Google recently announced that they will directly suggest prescreened providers; so far that includes HomeAdvisor and Porch. If you’re in a city that doesn’t have any available guaranteed or screened providers, you’ll still get the top three suggested nearby results, and as marketers, you will want to make sure that you’re one of them. My wife and I tried this feature recently and we chose the one with the best reviews. Now we have a new favorite pizza place.

Notice, in the image above, how Google is suggesting a list of recommended plumbers? Google could very well do the same for more queries in the future, providing users with a personalized feed of results. If Google can’t understand your business’ location information, you won’t be on those lists.

Write How You Speak

Remember, your website is for humans. Yes, it needs to be accessible for search engines to crawl, but we also need to remember that engagement signals are of prime importance. Write content for humans; talk like one throughout your content. Think longer-form, conversational.


Voice search is rewiring us to ask questions. By using Answer The Public, you can get a greater understanding of the questions people are asking around your target keywords, and start answering them.
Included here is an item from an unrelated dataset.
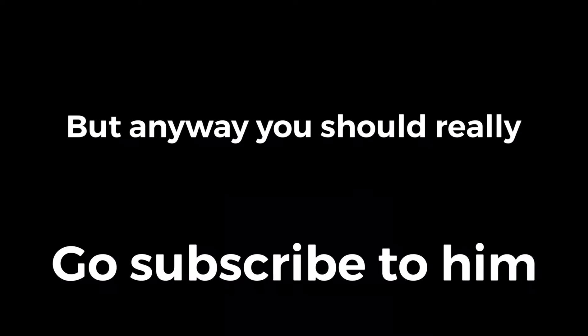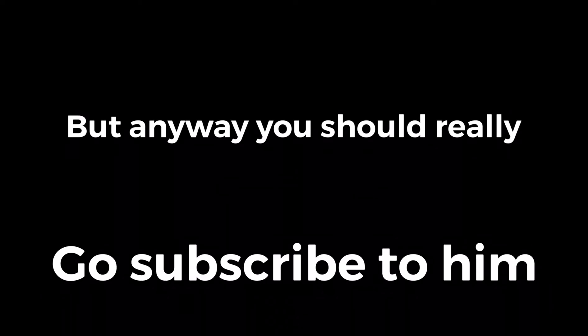Like dude, you can't tell me that's not cool. Like what? Anyway, you should really subscribe to him.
As we pointed out earlier, featured snippets appear to be fluctuating notably in the SERPs. But the output shouldn’t change impetus behind them. Featured snippets teach us to be succinct, detailed and factual with our content. They also encourage us to structure our content in such a way that it’s easy for Google to extract and deliver in one chunk that provides an answer. Keep doing that. For now, at least we can receive direct organic traffic benefits from the Google Home app activity feed itself to pages that are eligible for featured snippet queries.

Get Mobile-Friendly

It should go without saying that being mobile-friendly is of great importance. In many countries, smartphone traffic now exceeds desktop traffic. Google provide tools such as the Mobile-Friendly Test and Test Your Mobile Speed to help you find areas of improving.

Structured Data

With the help of structured data using the vocabulary we can help Google understand our content very specifically. With a query for “how many internet users are there in America”, Google generates a rich statistical answer card, using the data that was built on a page from World Bank. Though we don’t see these queries in our Google Home activity feed at this time, it’s very feasible that they could. Think back to the chart at the top of this article that showed how 31% of teens use voice search for “help with homework”. A student that is researching for a paper and asking these questions as a way to allow for a deeper dive, later on, is a realistic scenario.
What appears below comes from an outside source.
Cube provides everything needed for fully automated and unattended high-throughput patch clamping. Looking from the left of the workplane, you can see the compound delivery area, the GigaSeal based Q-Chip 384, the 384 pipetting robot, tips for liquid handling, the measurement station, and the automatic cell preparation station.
Something to also pay close attention to is the schema for “speakable“. While this markup type is currently pending, it does speak directly to ways of optimizing for voice search. The markup would aim to focus on highlighting particularly ‘speakable’ content, in the sense of being especially appropriate for text-to-speech conversion.

Listen with curiosity. Speak with honesty. Act with integrity.
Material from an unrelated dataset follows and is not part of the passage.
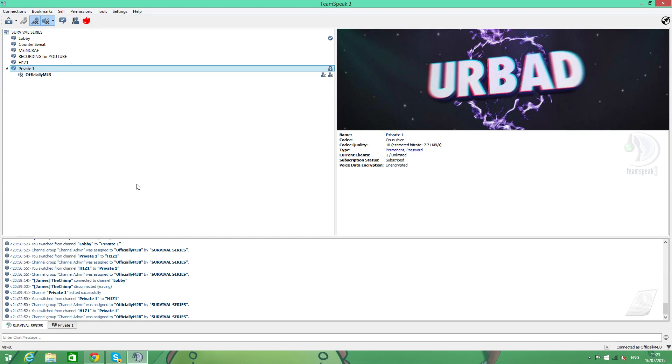What's going on guys? Today we're doing a tutorial for TeamSpeak 3. This is going to be linking a domain to a TeamSpeak 3 server.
A fitting quote from author Roy T. Bennett, which in completion reads as follows:

The greatest problem with communication is we don’t listen to understand. We listen to reply. When we listen with curiosity, we don’t listen with the intent to reply. We listen for what’s behind the words.

A better voice search experience doesn’t mean a worse text-based search experience, but it will almost certainly influence it. Google voice search is shaping RankBrain, which in turn will shape how search reacts in the future. Your content needs to rapidly address the information it provides, to give the answers that your customers need. Voice could ultimately alter the way that search is presented to the end user. Location already does this, so why can’t the contextual understanding of something that users mention in passing also influence the results later on?

I’ll end on this foretelling quote from Google Co-Founder Sergey Brin:

My vision when we started Google was that eventually, you wouldn’t have to have a search query at all. You’d just have information come to you as you needed it.